To achieve this, the Cramo Group put in place a Code of Conduct that encourages high ethical standards among its partners across areas such as compliance with laws and policies, labour standards and working conditions, environmental protection and product safety.
Safety is a major consideration when working with the kind of heavy equipment Cramo specialises in. To that end, it has prioritised systematic and precautionary safety measures throughout the company.
“Safety is paramount for us at Cramo,” Martin insists. “When you’ve had this many years in the equipment rental industry, you build up a certain competence, and we have a responsibility to share that with our customers and colleagues. Of this, I’m particularly proud.”
Meanwhile, Cramo has worked with the European Rental Association’s Sustainability Committee to develop an industry-standard supplier assessment for rental companies. “We wanted to provide an effective approach to supplier assessments that will benefit rental companies and their suppliers,” Martin says. “I’m happy to say this idea has now become a reality.”
While the COVID-19 pandemic showcased the company’s affinity for fast and effective adaptation, the environmental challenges facing the world are testing the ability of corporations to play a longer game. Martin says environmental considerations are always front of mind for Cramo.

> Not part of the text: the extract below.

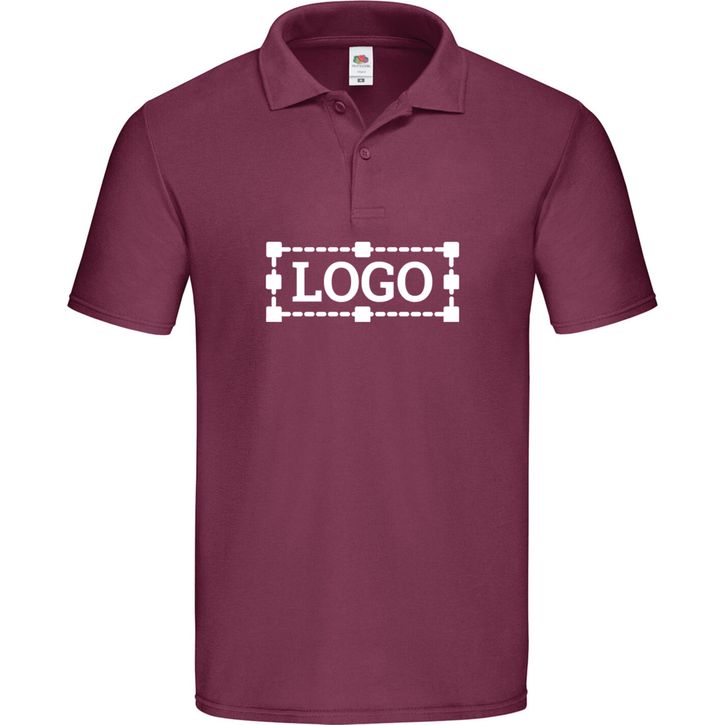 Image produit Original Polo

“Sustainability is embedded in our strategy, and we’ve assured our industry position as a frontrunner when it comes to this,” he points out. “We actively work with our customers and suppliers to further decrease the environmental and social footprints of rental equipment, and will continue to do so into the future. Our business ethics demand we mitigate our environmental impact and take an active role in the communities in which we operate, and so we do.”
Cramo’s tireless flexibility also extends to its digital business. Even before the advent of coronavirus, it was working to boost digitalisation not just within the company, but the entire industry too. Intensive customer journey studies provided engineers with the necessary data to develop the right solutions.

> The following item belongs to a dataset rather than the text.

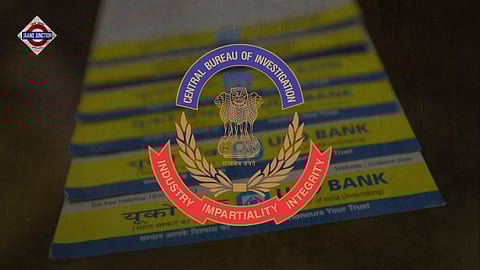 Rs 820 crore payments scam in UCO Bank: CBI raids in 7 cities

“We’ve worked hard to ensure our digital interfaces serve our customers with clear value-adds in productivity, sustainability and safety,” Martin says.
“We already have full business capabilities through our ecommerce platform and the Cramo app, and other digital solutions are in development.” The company’s flagship digital tool, the Cramo app, allows customers to rent, manage and return all their equipment rentals from their device, as well as providing total transparency when it comes to rental data and invoices.
“We want our customers to have easy management of their rental fleet and associated costs, and this is how we achieve that,” Martin says. “We’re constantly adding more services to our digital platforms to simplify the whole rental process and make it easier for our customers to plan, rent and manage their equipment. At a time like this, it’s never been more necessary.”
For many other first-time CEOs, stewarding a newly merged company through a worldwide economic downturn and into an uncertain future would be a daunting task. For Martin, 2020 has been a proving ground. “We are on a journey of growth,” he suggests, undaunted.
“We have the ambition to take our company and our industry to the next level, and through our strategy we have focused on new ways to exceed our customers’ expectations.” It’s far from a one-man effort too – Martin stresses Boels-Cramo’s evolving success is a testament to teamwork.
“Throughout the process, we’ve had people from both Boels and Cramo working together. It is a product of collaboration. As I see it, we have a common responsibility for our success. It’s something everyone can influence.”